May 3, 2026 Derek Jones No comments

It’s been 10 years since I last wrote about parsing tools, and the C parser, pycparser, I took for a test drive is still actively maintained. This week I read a post on Gecko, a new parser generator. Its author, Vladimir Makarov, implemented his first parser generator in 1985.

Gecko generates GLR parsers (Generalized Left-to-Right). In 2009, I predicted that GLR parsing was the future. It might still be the future, but since I made that prediction handwritten parsers, using some form of recursive descent, are what the major compilers (e.g., gcc and llvm) have been updated to use. Bison, the almost invisible market leader for parser generation, has supported GLR parsers for almost 20 years. The other ‘generalized’ technique, Earley parsing, produces parsers that are much slower and are memory hogs.

GLR parsers support Type-1 languages in the Chomsky hierarchy. The LR parsers supported by yacc compatible tools (e.g., the Bison default mode), and LL by ANTLR, can handle Type-2 languages, and regular expressions are Type-3 languages.

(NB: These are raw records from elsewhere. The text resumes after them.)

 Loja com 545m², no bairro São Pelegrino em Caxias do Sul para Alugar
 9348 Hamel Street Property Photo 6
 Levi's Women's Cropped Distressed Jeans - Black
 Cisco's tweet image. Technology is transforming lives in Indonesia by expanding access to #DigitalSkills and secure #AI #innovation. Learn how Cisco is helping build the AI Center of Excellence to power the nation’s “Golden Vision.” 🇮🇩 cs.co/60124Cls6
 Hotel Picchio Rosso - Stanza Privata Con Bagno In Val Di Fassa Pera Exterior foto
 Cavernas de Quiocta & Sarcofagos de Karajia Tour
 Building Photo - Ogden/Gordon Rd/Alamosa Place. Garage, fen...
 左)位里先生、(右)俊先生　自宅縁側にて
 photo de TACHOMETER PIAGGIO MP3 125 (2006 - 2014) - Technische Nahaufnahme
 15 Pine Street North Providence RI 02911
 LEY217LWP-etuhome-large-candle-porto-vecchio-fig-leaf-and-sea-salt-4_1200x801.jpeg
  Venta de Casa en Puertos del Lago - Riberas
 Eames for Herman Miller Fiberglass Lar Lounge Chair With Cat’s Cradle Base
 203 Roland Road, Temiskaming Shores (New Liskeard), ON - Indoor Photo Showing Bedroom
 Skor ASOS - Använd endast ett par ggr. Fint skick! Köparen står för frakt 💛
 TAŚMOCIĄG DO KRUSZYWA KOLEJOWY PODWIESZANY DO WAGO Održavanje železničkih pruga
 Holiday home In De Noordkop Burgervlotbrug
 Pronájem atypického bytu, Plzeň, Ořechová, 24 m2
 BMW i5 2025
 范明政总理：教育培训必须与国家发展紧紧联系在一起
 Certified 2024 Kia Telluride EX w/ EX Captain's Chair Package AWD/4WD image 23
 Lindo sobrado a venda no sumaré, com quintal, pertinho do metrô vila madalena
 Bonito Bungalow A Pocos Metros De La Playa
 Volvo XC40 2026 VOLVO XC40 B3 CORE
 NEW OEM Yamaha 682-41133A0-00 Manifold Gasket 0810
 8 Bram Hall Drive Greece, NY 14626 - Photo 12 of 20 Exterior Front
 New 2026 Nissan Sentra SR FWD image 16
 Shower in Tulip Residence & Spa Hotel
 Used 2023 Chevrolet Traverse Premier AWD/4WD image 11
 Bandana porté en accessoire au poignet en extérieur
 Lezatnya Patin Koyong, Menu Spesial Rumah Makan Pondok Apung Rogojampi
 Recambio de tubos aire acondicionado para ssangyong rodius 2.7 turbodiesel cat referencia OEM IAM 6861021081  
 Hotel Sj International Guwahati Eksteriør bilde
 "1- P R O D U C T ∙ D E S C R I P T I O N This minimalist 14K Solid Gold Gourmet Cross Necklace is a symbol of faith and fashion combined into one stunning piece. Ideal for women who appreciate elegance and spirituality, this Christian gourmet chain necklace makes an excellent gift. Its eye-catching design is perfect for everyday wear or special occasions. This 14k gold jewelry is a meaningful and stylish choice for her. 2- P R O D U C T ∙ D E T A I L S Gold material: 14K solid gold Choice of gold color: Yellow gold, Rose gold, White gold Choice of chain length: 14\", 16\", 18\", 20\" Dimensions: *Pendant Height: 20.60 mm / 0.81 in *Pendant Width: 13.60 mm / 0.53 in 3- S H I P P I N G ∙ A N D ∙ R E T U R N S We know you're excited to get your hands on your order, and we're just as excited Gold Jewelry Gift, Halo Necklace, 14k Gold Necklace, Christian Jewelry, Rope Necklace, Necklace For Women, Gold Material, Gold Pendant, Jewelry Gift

Programming language grammars are often context-sensitive (ambiguous is the common developer terminology), i.e., there is more than one way of parsing a sequence of input tokens. The classic example is the C statement: T *p;, which could be a declaration of p, or a redundant multiplication. This ambiguity can be resolved by maintaining a list of identifiers currently defined as typedefs, and have the lexer/parser lookup the status of identifiers in the contexts where a typedef could occur. This is not a big deal for compilers, which have to build a symbol table anyway. However, it’s very inconvenient when only syntax analysis is needed, i.e., no semantic analysis of the source.

An alternative approach is to parse all possibilities, and hope that eventually only one parse is syntactically possible. The following example could work, because there is a subsequent use of T in a non-typedef context (I’m not aware of any tools that do this):

T *p;  // Is this a declaration of p as a pointer to T?
T++;   // No!  It's a multiplication of T by p

Another approach is to choose the most likely parse. Redundant multiplications are rare, and a declaration is the most likely usage. The token sequence f(x); is most likely to be a function call with one argument, rather than redundant parenthesis around a declaration of x to have type f.

Taking Gecko for a test drive requires a lexer and a grammar. Fortunately, one of the Gecko test cases includes a C lexer/grammar, and I adapted this to try out some C syntax test cases (code). My comparison point for these tests my memory of testing out Bison with GLR enabled.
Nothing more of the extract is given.